Nonfarm payrolls landed at 172,000 for May, well above expectations, with upward revisions to prior months compounding the surprise. The bond market's response was immediate.
The 10-Year yield jumped 5.9 basis points to 4.536%, while the 5-Year surged 9.2 basis points. Traders moved to price out any remaining hope of a rate cut at the June 16-17 FOMC meeting, and the probability of a hike by December climbed to around 70% on CME FedWatch.
What Should Traders Watch After Friday's Selloff?
The stock market today closed on its worst note in over a year, and the weekend gives traders time to reassess positioning. The Fed's June 16-17 meeting is now the next major event on the calendar, and Friday's jobs data has all but eliminated the possibility of a rate cut.
Chair Warsh faces growing dissent from within the Fed itself, with multiple officials publicly challenging his policy framework in recent days.
Semiconductor stocks remain the key tell for market direction. The Philly Semiconductor Index sits at what technicians are calling a potential triple top against the broader tech sector.
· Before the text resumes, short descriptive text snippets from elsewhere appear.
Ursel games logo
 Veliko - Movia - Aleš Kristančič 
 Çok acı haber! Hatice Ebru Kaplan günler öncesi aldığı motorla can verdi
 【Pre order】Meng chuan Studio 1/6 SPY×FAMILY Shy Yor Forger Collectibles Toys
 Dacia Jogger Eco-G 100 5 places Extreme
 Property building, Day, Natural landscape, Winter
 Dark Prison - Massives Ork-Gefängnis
Whether that resolves as a breakout or a breakdown will likely set the tone for the next leg of this market.
For now, the momentum belongs to the sellers.
Key Takeaways
- The Philadelphia Semiconductor Index plunged 9% on the day, with AMD down 10%, Intel down 9%, Marvell down 12%, and Micron down 11% after Broadcom failed to raise its AI chip outlook.
- A stronger-than-expected May jobs report shifted rate cut odds dramatically: traders are now pricing roughly 70% odds of a rate hike by year-end, a sharp reversal from just days earlier.
- Bitcoin fell 5.77% to close at $60,117, while Ethereum lost nearly 12%, as risk-off rotation hit speculative assets hard across both crypto and equities.
- Defensive sectors were the only green on the board, confirming a textbook risk-off session. Consumer Discretionary dropped 2.05%, but Technology (XLK) led the damage at -6.68%.
- The Fed's June 16-17 meeting is now the next major catalyst. Friday's jobs data has effectively taken a rate cut off the table, and Chair Warsh is facing public dissent from within the Fed.